If the Hardwicke report is anything to go by, early signs are fairly positive. The “Direct access to barristers” survey also revealed that less than half of respondents thought barristers were “out of touch with commercial realities”. In the same study, barristers were also perceived (by a slim majority) to be offering better value for money than solicitors.
While I’m pursuing the theme of transparency and clear information, I think it’s also worth mentioning signposting. This is something we’ve alluded to in our response to the Bar Standards Board’s consultation on public access rules. The paper suggests a number of changes to the model client care letter and guidance to barristers, clerks and consumers to ensure they can make an informed choice.

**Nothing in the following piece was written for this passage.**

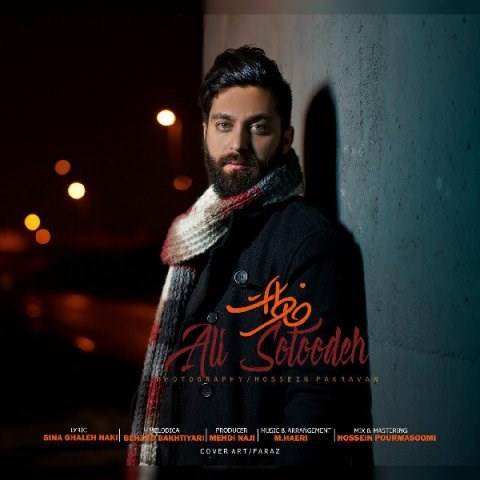  دانلود آهنگ جدید علی ستوده - خاطرات | Download New Music By Ali Sotoodeh - Khaterat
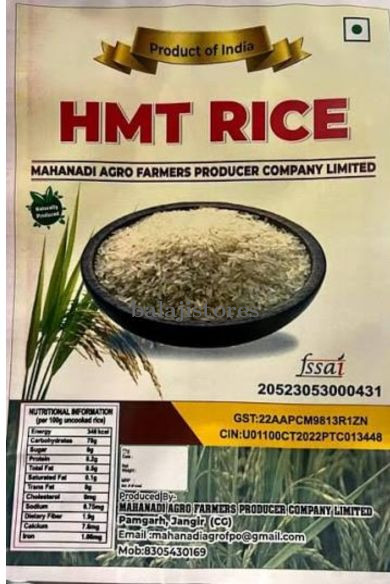HMT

I agree that signposting provisions are important, since they will allow consumers access to information that informs their choices. Funding options are becoming ever more important to consumers as financial strains take their toll. So, consumers using public access rules should be referred to the Legal Services Commission and the Legal Aid Calculator as standard.
In addition, there are organisations such as Community Legal Advice and the Law Centres Federation as well as a number of locally based information centres that barristers might be minded to signpost customers to. A key aspect to making public access work will undoubtedly be helping those consumers who lack the confidence to approach barrister’s chambers or who simply lack an understanding of how the legal system works to get that confidence by having the relevant support.
Finally, barristers need to take all reasonable steps to ensure a client has been informed of their right to complain. This means putting a robust complaints process in place and, if it can’t be resolved at the first tier, making sure they know who to come to next. A failing on the part of lawyers has been signposting to the Legal Ombudsman in the past. It’s a constant thorn in our side and may go some way to explaining why complaints aren’t at the levels we projected last year. But the key word here is “reasonable” – there is no need from my perspective for barristers to slavishly signpost people who have already been signposted in our direction or who would never qualify under our scheme rules. The last thing we need to be doing is adding yet another layer of damn fool bureaucracy to the legal system.
All of what I’ve talked about boils down to a simple notion, namely clear information. In a nutshell: clear pricing, clear advice with regards to funding options, and, if all else fails, a clear route to redress.
Adam Sampson, Chief Ombudsman and Chief Executive of the Legal Ombudsman.